On November 9, 2013, Doc Averell U. Aragon posted in
Pilyo Club something from the CNN about the Pilipino people and supertyphoon Yolanda that hit our country the day before; checking over the net, this is what I found more about Dr. Aragon’s post:
“TIME to get to know the hardy Filipino people.…unbelievably resilient, long-suffering, good-natured, uber friendly, loyal, ingenious and a bunch of survivors.
“At the end of the day, the Filipinos will just shake off the dirt from their clothes and thongs, and go about their business…and SMILE. They do not complain much, they will bear as long as they can.
“Maybe this is why they were given the ‘privilege’ of bearing the burden of the strongest typhoon ever recorded.”
This was just one of the numerous praises received by Filipinos on the CNN website yesterday after Super Typhoon Yolanda, considered one of the strongest typhoons in the world this year, battered the country with catastrophic winds and heavy rains on Friday.
The heartfelt comment was posted by dudesk001 on the Comments Section of the CNN article entitled “Super Typhoon Haiyan, one of strongest storms ever, hits central Philippines” written by CNN reporter Jethro Mullen. The article was posted on the CNN website on November 8, 2013.
As dudesk001’s moving message spread online and made the rounds of several Facebook news feed accounts, thumbs up notes for the Filipinos’ resilience continued to pour into the Comments Section of the CNN articles on Yolanda.
Grateful Filipinos also sent their messages of thanks to those who sympathized. There were also some racist remarks which earned negative comments from Philippine citizens and foreigners.
Some of the other messages read:
Bonifacio Arapan: “the Filipinos are one tough human race with the help and mercy of our GOD we will get through this,thank you to all of you who prayed for our safety and to all who showed their concern even if they dont know anyone here in the Phillipines To GOD be the glory.”
Anthony: “May God give the peoples of the Philippines the strength and guidance to ride out this storm.”
Aubry Prince Carlisle: “I don’t see how anyone could joke about something so serious. I am certain that if this was someone they (the jokesters) truly cared about (e.g., family, friends, spouse) they wouldn’t be making insensitive jokes about people dying. Nothing about this incident is remotely laughable. Death is not amusing. And trolling is not an excuse to express ignorance or crudeness towards others.
Be Walters: “To know any Filipino is to love them. I believe the worst storms only hit the places with people best equipped to deal psychologically with the aftermath. You can kill some people and take out trees and houses, Mr. Typhoon, but you can never alter what makes that place special.”

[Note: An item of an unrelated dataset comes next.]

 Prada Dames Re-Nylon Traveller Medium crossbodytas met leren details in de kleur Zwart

rb1948: “Three tours taught me that the Philippines is a great country with hardworking, decent people. Good luck to my Filipino friends.”
Sdgman:“This is heartbreaking. The Filipino people are great friends of the United States and we will stand by them and help them through this.”

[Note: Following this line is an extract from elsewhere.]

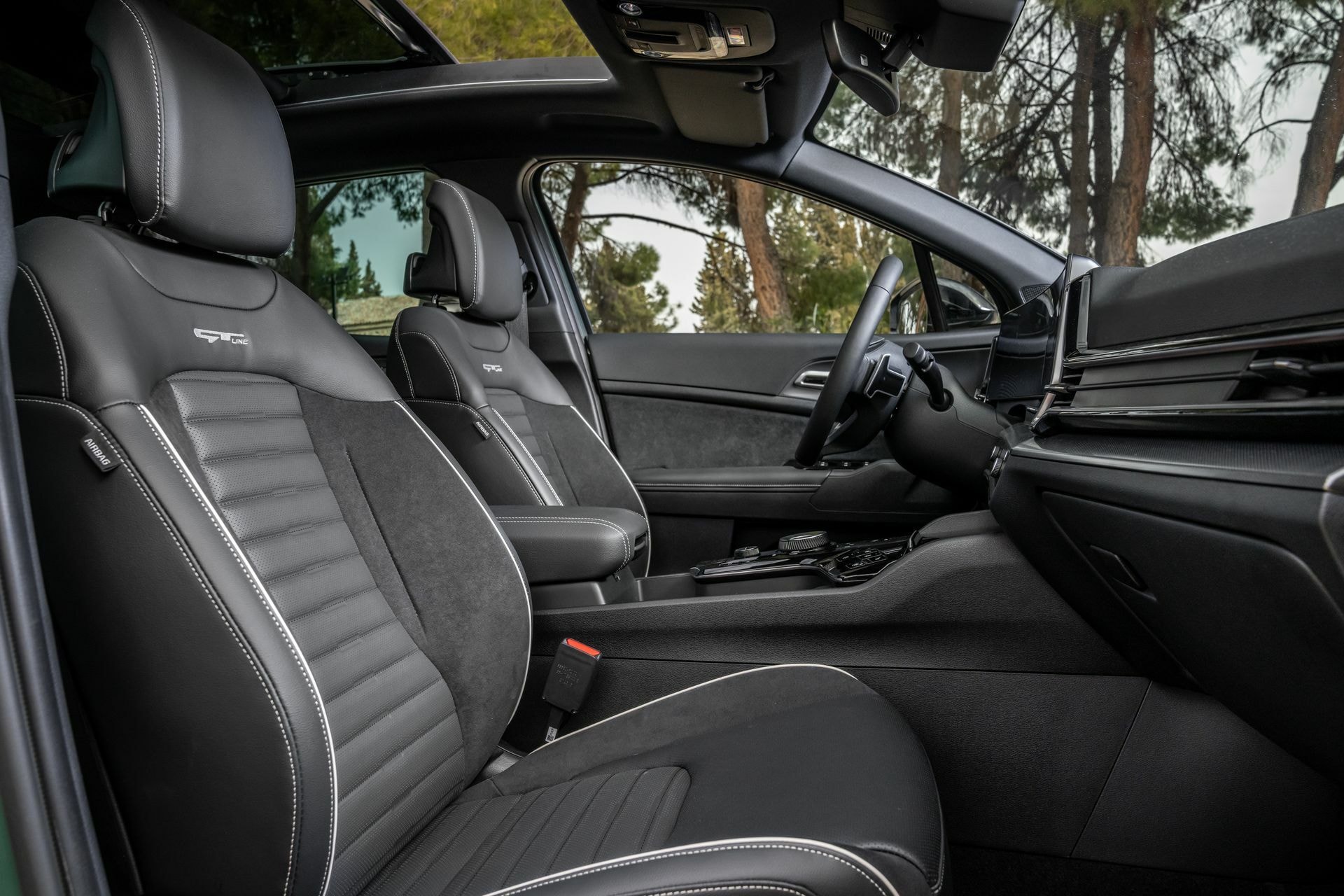 Vista lateral de los asientos delanteros, destacando su ergonomía.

The comment above, said to have come from CNN, is considered a praise to the Filipino spirit, that of resilience but what is “resilience”? I think “resilience” is the capacity to mobilize resources not only to protect oneself, or family, and community, from the more devastating impact of a traumatic experience but also to access what ever little external resources there is to survive, recover, rebuild and keep moving forward in life stronger.
Personally I only have an abstract idea of the supertyphoon and probably every Filipino did have the same as mine. It was the first time I heard of Typhoon Signal # 4 and while many thought that it might really be strong a typhoon, nobody seems prepared enough for it. The Inquirer describes the supertyphoon Yolanda experience as follows,
Deadliest natural disaster
The Philippines endures a seemingly never-ending pattern of deadly typhoons, earthquakes, volcano eruptions and other natural disasters.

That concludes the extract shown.